前回は下院の米国税法改正案であるBlueprintのタイトルである「A Better Way」に焦点を当てて(当て過ぎて?)みた。今12月30日も未明で明日の31日は大晦日。Times Squareでは例の大きなボールがビルの上で落ちる日だ。周辺は凄まじい混雑とSecurityでごった返すので当然オフィスも立入禁止。例年であればMarina del Reyに避難するところだけど、今年はチョッと事情がありNYCで新年を迎えることとなった。で、大晦日直前というのに、財務省はオバマ政権花火大会のクライマックスを未だ続けてくれていて、この期に及んでFATCAの財務省規則を公表してしまった。政権の余命がなく焦ってレガシーを残したい気は分かるけど、悪法のひとつとしてトランプ政権による廃案リストに載っているFATCAの規則を12月30日に出してくるとはこちらも気合十分。
FATCAとか源泉徴収規則に脱線せずにここは予定通り「The Blueprint」。ちなみに前回あれだけ冠詞で盛り上がったのでこのポスティングからはBlueprintにきちんと「The」を付けることにしました。
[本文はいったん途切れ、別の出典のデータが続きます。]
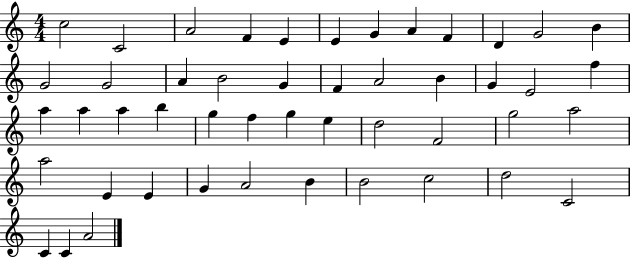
C5/h C4/h A4/h F4/q E4/q E4/q G4/q A4/q F4/q D4/q G4/h B4/q G4/h G4/h A4/q B4/h G4/q F4/q A4/h B4/q G4/q E4/h F5/q A5/q A5/q A5/q B5/q G5/q F5/q G5/q E5/q D5/h F4/h G5/h A5/h A5/h E4/q E4/q G4/q A4/h B4/q B4/h C5/h D5/h C4/h C4/q C4/q A4/h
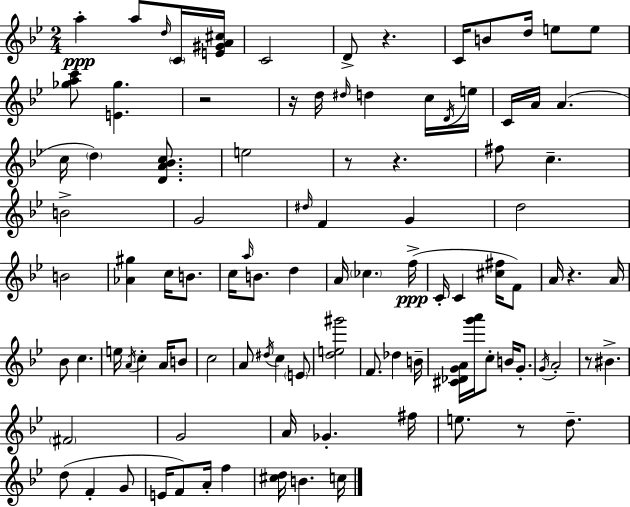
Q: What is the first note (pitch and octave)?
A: A5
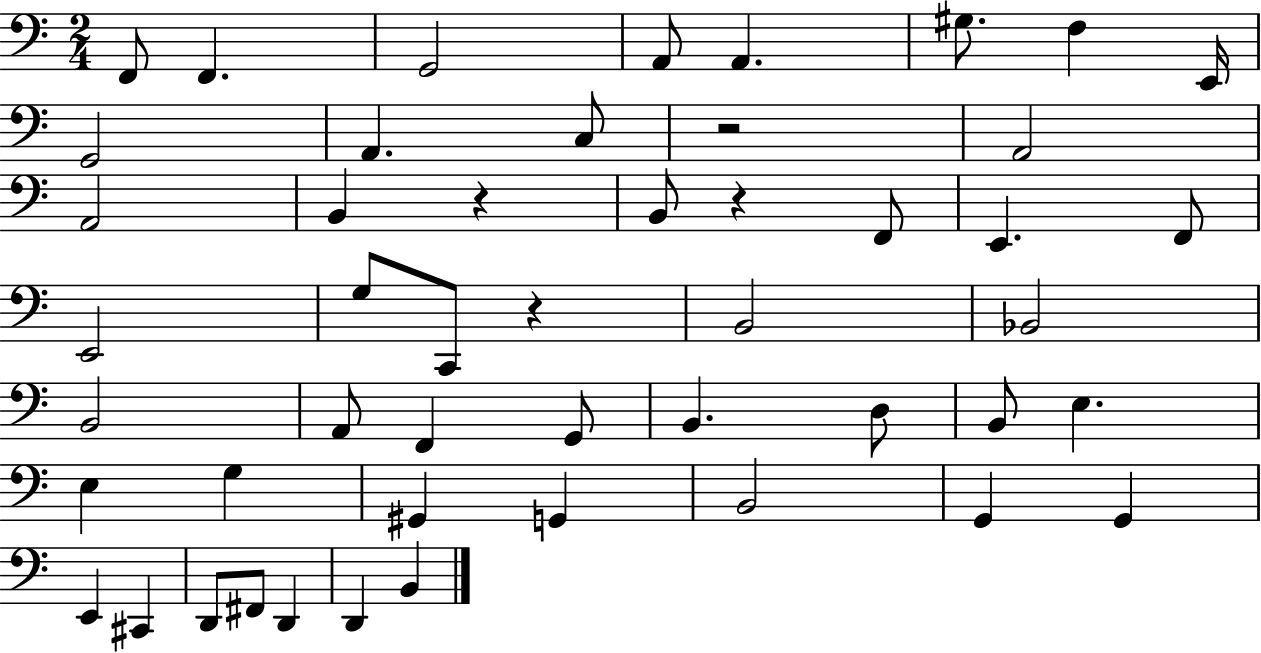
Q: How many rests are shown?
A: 4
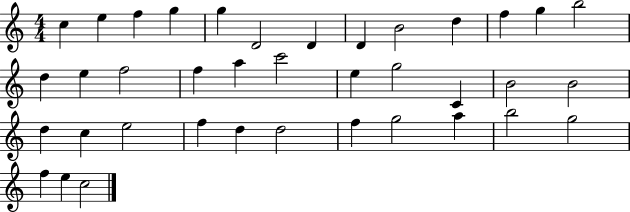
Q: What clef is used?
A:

The Blueprintのまず冒頭には改正案のテーマが記載されている。既存の税法の枠の範囲内であれこれ検討しても選択は限られているので、米国の成長のためにはもっと大胆に行きましょうと宣言されている。すなわち、そんなセコイ考えでは、結局何も起こらない、増税(民主党主導だとこっち)して更にハードワーク、貯蓄、そして米国の最大の武器である企業家精神からペナルティー的に税という名で資産を没収しやる気をなくさせる、または従来通り税法をチョコチョコといじってますますアメリカンドリームを陰らせる(「while the sun sinks ever lower on the age of American excellence」となかなか詩的)、という結末しかないということだ。
そこでThe Blueprintでは、そのような場当たり的な対応を否定し、大胆かつ成長を後押しする全く新しいアプローチを提唱する、となる。アプローチの検討過程での最重要ポイントとして「この規定は成長を後押しするか?」「他の規定で歳入確保してまで織り込む価値のある規定か?」という二つを念頭においたとしている。ここの2つ目のポイントはトランプ政権とは若干温度差があり、The Blueprintは基本的に国家財政へのインパクトは中立としたい(少なくとも理論的にそう言える程度にしたい)という思惑がある。一方のトランプ案はインフラ投資を中心としたかなりの財政出動を伴うものなので、保守系シンクタンク等の見積りでも国家財政へのネガティブインパクトはかなり大きくなる。この財政への影響は将来の成長をどう見込むか、という点で大きく見積りがことなるが、The Blueprintでもここはしっかりと「この改正から期待される経済成長から歳入増を加味して・・」とSupply-side economicsの立場を取る。レーガン再来を夢見る共和党案だからそれはそうだろう。将来の経済成長を加味して国家財政への影響を見積る手法は「Dynamic Scoring」として知られ、減税とか規制撤廃の経済効果を加味しない「Static Scoring」の対語となる。Dynamic Scoringの精度は意見の割れるところだろう。
The Blueprintには3つの目的、すなわち雇用を促進し国民全員に機会を提供すること、とんでもなく複雑になって修復不能に近い(「Broken」)税法をシンプルかつフェアにすること、機能不全の(こちらも英語では「Broken」)IRSを国民のための行政機関に生まれ変わらせること、があるとし、更にこれは議論の出発点だとして弾力性を持たせている。
構成としては次に、このような目的を具体化するために下院歳入委員会の会長を中心にタスクフォースを結成し、なぜこの時点でこのようなイニシアチブが必要かを説明している。2016年というと米国の最後の抜本的税法改正となった1986年(レーガン政権)から30年記念となり、状況は当時と似ていて機は熟していると記載されている。ちなみに1986年には税法は26,000ページで済んでいたものが、現在では70,000ページに及んで制御不能になりつつある絵があり面白い。過少資本の最終規則だけで518ページだもんね。このトレンドは何とかしてもらわないと僕たちみないに年中税法と格闘している身でもとても付いていけない。1960年にはトップ20社のうち17社は米国に本社を置いていたが、今ではたった6社しかないとう現状を示し、その大きな原因は使い勝手の悪い税法にあるとしている。
このように抜本的改正の舞台を整えた上で、具体的な提唱に入っていく。